Precedence of not, in, rescue¶
The precedence of not, in, rescue is referred on https://bugs.ruby-lang.org/issues/21097#note-1.
Q1. Is it okay to combine them as follows?
# def f = not (1 in 2)
def f = not 1 in 2
# def f = (not a) rescue true
def f = not a rescue true
# def f = (not (a in 1)) rescue true
def f = not a in 1 rescue true
# def f = (not a) rescue (1 in 1)
def f = not a rescue 1 in 1
This is consistent with how it's interpreted when written in the body of a method definition that has an end
.
def f1
# not (1 in 2)
not 1 in 2
end
def f2
# (not a) rescue true
not a rescue true
end
def f3
# (not (a in 1)) rescue true
not a in 1 rescue true
end
def f4
# (not a) rescue (1 in 1)
not a rescue 1 in 1
end
By the way, the operator precedence derived from this interpretation is modifier_rescue < not < in
, which differs from the in < not < modifier_rescue
defined in the precedence table.
Precedence of =, in, rescue¶
I think this ticket is about making the precedence of =
, in
, and rescue
consistent.
From the desire for x = a rescue b in c
to be interpreted as x = (a rescue (b in c))
, it's thought that the precedence of these operators should be in the order of =
< modifier_rescue
< in
.
Q2. The following code does not follow this precedence in either parse.y
or prism
, so is it correct to say that it's supposed to be interpreted as follows?
x = b in c # x = (b in c)
def f = b in c # def f = (b in c )
What's happening in parse.y
¶
In the parse.y
definition, single-line pattern matching can't appear on the right-hand side of an assignment.
Furthermore, the left-hand side of single-line pattern matching (the left side of in
or =>
) is an arg
rule, and an arg
can contain an assignment.
Because of this, x = a rescue b in c
is interpreted as (x = a rescue b) in c
.
Try to make single-line pattern matching to be arg
¶
In Ruby's grammar, the right-hand side of an assignment is often the arg
rule. For example, the right-hand side of x = 1
, x = 1 + 2
, and x = obj.m
are all arg
.
These assignments have the unique characteristic that they can be arguments to a method. This means that m(x = 2, x)
is valid code.
Currently, single-line pattern matching is an expr
rule, which is not part of arg
. The arg
grammar element, as its name suggests, can be a method argument.

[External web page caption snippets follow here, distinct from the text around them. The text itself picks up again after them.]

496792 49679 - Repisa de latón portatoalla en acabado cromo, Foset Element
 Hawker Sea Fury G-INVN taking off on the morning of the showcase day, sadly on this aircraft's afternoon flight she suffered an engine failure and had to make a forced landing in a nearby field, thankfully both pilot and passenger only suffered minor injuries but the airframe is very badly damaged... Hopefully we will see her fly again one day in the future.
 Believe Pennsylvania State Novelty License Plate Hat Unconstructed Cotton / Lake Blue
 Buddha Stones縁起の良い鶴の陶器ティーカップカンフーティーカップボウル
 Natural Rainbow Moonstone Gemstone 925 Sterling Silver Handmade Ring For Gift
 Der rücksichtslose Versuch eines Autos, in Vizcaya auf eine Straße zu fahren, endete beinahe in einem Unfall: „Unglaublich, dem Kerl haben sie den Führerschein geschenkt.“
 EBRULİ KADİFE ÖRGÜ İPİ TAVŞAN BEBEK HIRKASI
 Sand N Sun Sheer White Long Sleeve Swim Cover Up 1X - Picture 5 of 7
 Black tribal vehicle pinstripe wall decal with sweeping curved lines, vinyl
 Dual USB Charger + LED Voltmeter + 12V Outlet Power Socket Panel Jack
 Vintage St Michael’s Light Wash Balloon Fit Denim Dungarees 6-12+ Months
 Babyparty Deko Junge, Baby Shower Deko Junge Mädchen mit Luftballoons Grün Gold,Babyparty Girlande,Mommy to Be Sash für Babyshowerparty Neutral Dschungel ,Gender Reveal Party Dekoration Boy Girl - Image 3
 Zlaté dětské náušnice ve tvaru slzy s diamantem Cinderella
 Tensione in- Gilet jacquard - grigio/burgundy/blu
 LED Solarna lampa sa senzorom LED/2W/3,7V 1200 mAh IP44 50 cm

If we were to make single-line pattern matching an arg
, it would cause conflicts with several tokens.
Conflict on “=>”¶
Let's consider the code m(v => [1])
.
This can be interpreted as either a pattern matching =>
or a hash =>
.
Conflict on “,”¶
Let's consider the code m(v in 1, 2, 3)
.
Because the brackets []
can be omitted in an array pattern, this code can be interpreted as either an array pattern v in 1, 2, 3
or as a method call to m
with multiple arguments like m((v in 1), 2, 3)
.
Conflict on “|”¶
Let's consider the code m(v in :a | :b)
.
The |
symbol is used in pattern matching to separate patterns. However, it's also used as a binary operator.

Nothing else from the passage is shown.